保カフ (怪獣8号) ふたりは新婚さんシリーズ
保カフ ふたりは新婚さんシリーズ0 番外編その2 前編
「僕、明日休みやねんけど」
週2回の稽古の日、一段落ついたところで休憩となり、保科とカフカは共に昼食をとっていた。
お付き合いを始めたばかりの彼らだったが、特に保科が多忙を極め恋人らしいことは何1つできていない。そのため、貴重な週2回の稽古を逢瀬と捉え、少しでも恋人らしいものにしたいと望んだ結果がこれである。
今までなぜか別々に昼食をとっていたのだが、こうやって一緒にご飯を食べるということは恋人の第1歩として相応しいものに思えていて。お互い気持ちを寄せ合うような、ゆったりとした時間が流れていた。
「良かったですね、久しぶりのお休み。ゆっくり休んでください」
カフカは至極当然の返しをしたつもりだったのだが、保科がそれはもう深いため息をついてみせた。
「なんでやねん、お前も明日休みやろ?」
「そう、ですけど?」
彼の意図したことがわからず首を傾げていると、またしても保科はため息を漏らす。それを見たカフカは、保科が余程疲れているんだろうと的外れなことを思っていた。
「はぁ、僕だけなんかなぁ······せっかくの休み、かわいい恋人と一緒にいたいと思うてんのわ」
「かわいい······こいびと」
その言葉が自身のことを指しているのだと漸く気づいたカフカは、その顔を徐々に朱に染めていく。それを見た保科は、一応自覚はあるんやな、良かったわと呟いた。

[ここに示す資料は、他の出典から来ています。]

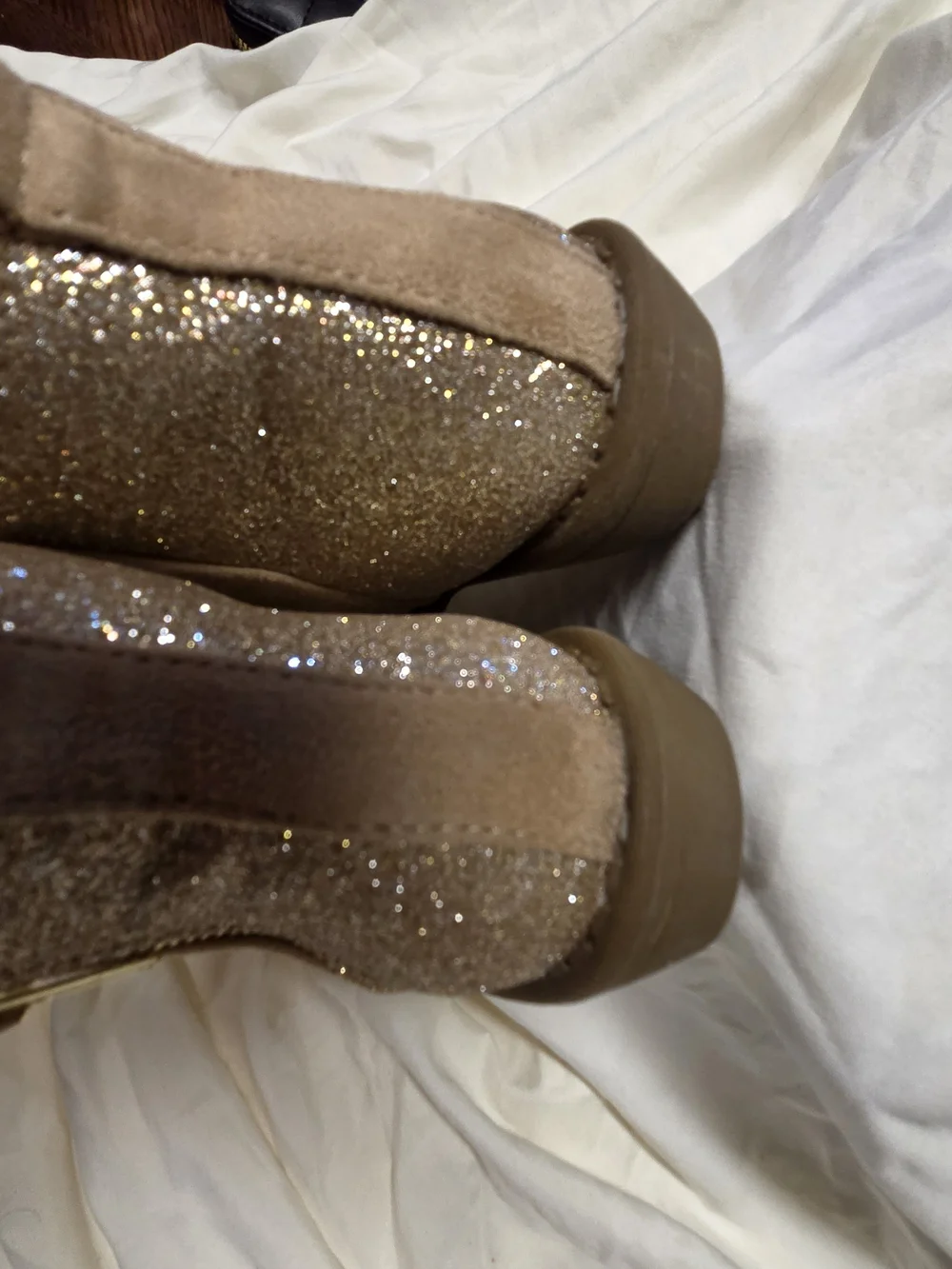 Fabkids Girls' Glitter Back Ankle Boots - Taupe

「いや、だって······休み取れなくて疲れたって、寝不足だって言ってたじゃないですか。だから······」
休みを共に過ごすなんて発想はなかった、と言い訳じみたことを伝えると、それとこれとは別もんだと返されてしまう。
「でも貴重な休みなんですから、ちゃんと休まれたほうが」
「でもも何もあらへんねん! 僕はお前とーーーー」
『デートに行きたい!』
「······デート、ですか?」
ここは有明りんかい基地、日比野カフカ自室。
その部屋はコンクリート壁に囲まれた閉鎖空間で、ベッドがぽつんとあるだけの簡素な造りだ。本日は、この部屋に2人の隊員が招集されていた。市川レノ、四ノ宮キコルである。彼らとは、カフカの正体が怪獣8号であると皆に知られる前からの付き合いで、数少ない秘密の共有者であった。そのため、何かあれば必ず3人寄り集まり、情報交換や話し合いを行ってきた。

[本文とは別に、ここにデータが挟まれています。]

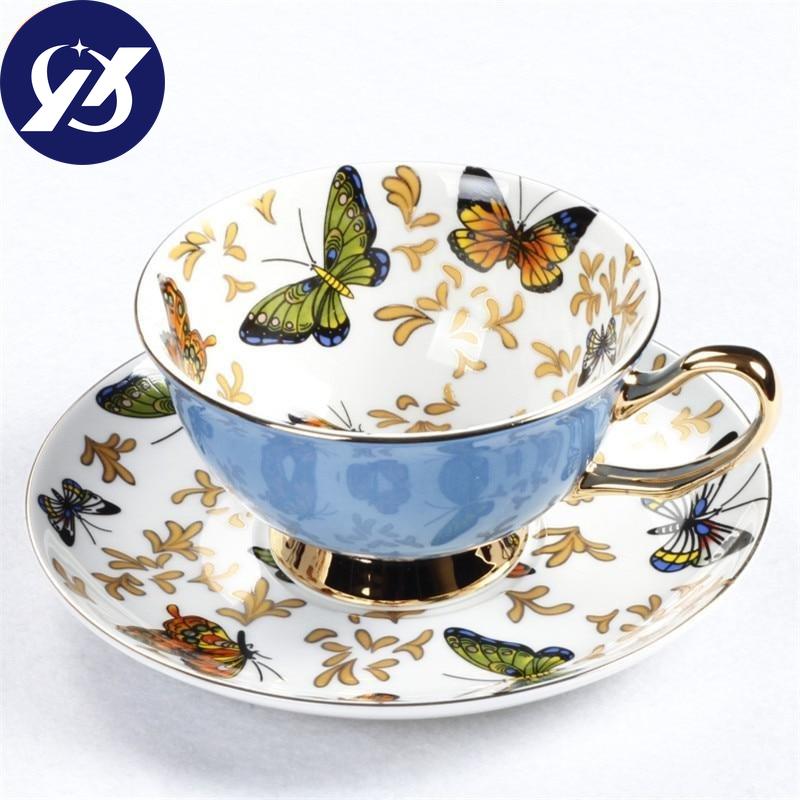 European Bone Cna Kávový šálek Barevný porcelán Butterfly Keramická sada šálků a podšálků na čaj Britský kancelářský šálek na pití Dárek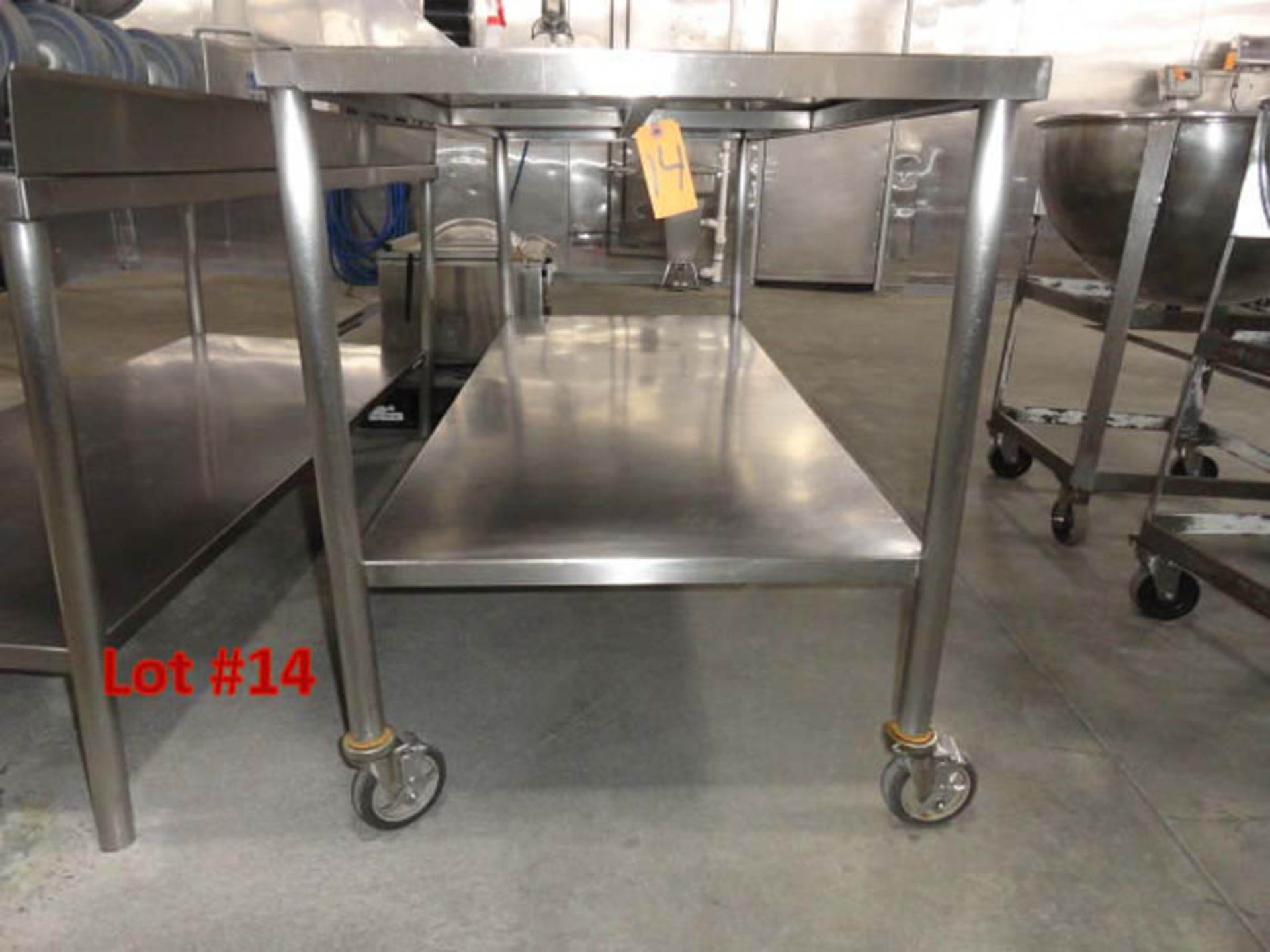 STAINLESS STEEL TABLE, 6' X 30" WITH S/S UNDERSHELF, ON CASTERS - Image 2 of 4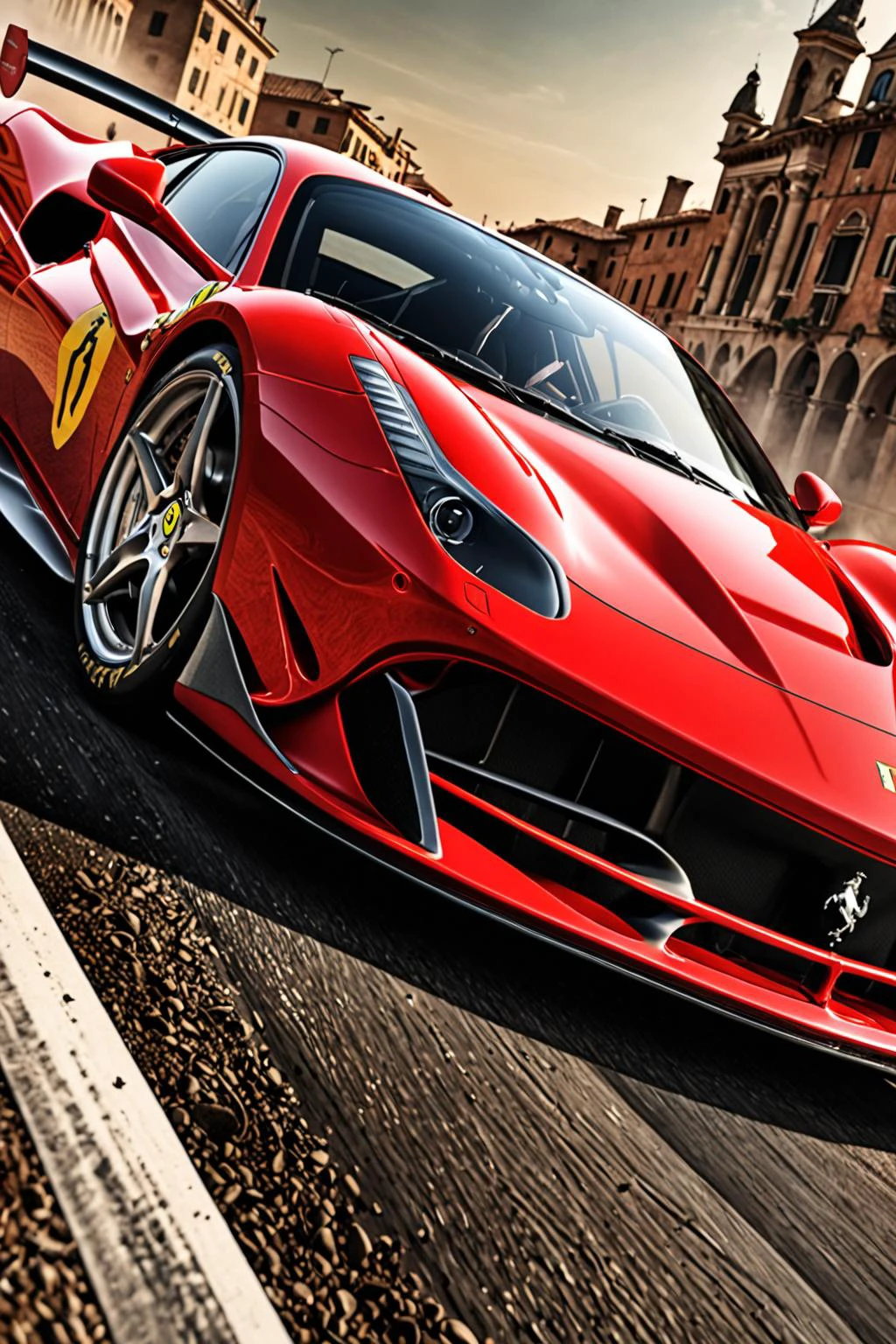 dynamic angle, masterpiece, award winning picture, Ferrari car racing, fantasy background, hyper detailed, intricate, poster, artstation, epic, ultra detail, intricate details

「そうなんだよ······副隊長からデートに誘われたんだけど、何着ていけばいいか分かんなくてさ」
相談したいことがあると呼び出された市川だが、その内容を聞いて漸く愁眉を開いた。悩みというのがもっと深刻なものだと思っていたからで。かと言って軽んじたりせず真剣に耳を傾け、悩みを解決しようとするのが彼の良いところである。
「そこまで気にする必要ないんじゃないですか? 普段着で行ったからって、怒るような人ではないでしょうし」
「甘いわね、レノ。デートなのよ、しかも初デート! どんな格好で来るか期待してないわけないでしょ。それにたとえ副隊長が気にしてなかったとしても、人望が厚く好感度も高い。女性隊員にも人気で密かにファンクラブができるようなあの副隊長なのよ。それなりの格好していかなきゃ、釣り合いがとれないに決まってるわ」
そう力説するキコルだが、彼女もまた市川同様にたいした悩みでなくて良かったと胸を撫で下ろしている。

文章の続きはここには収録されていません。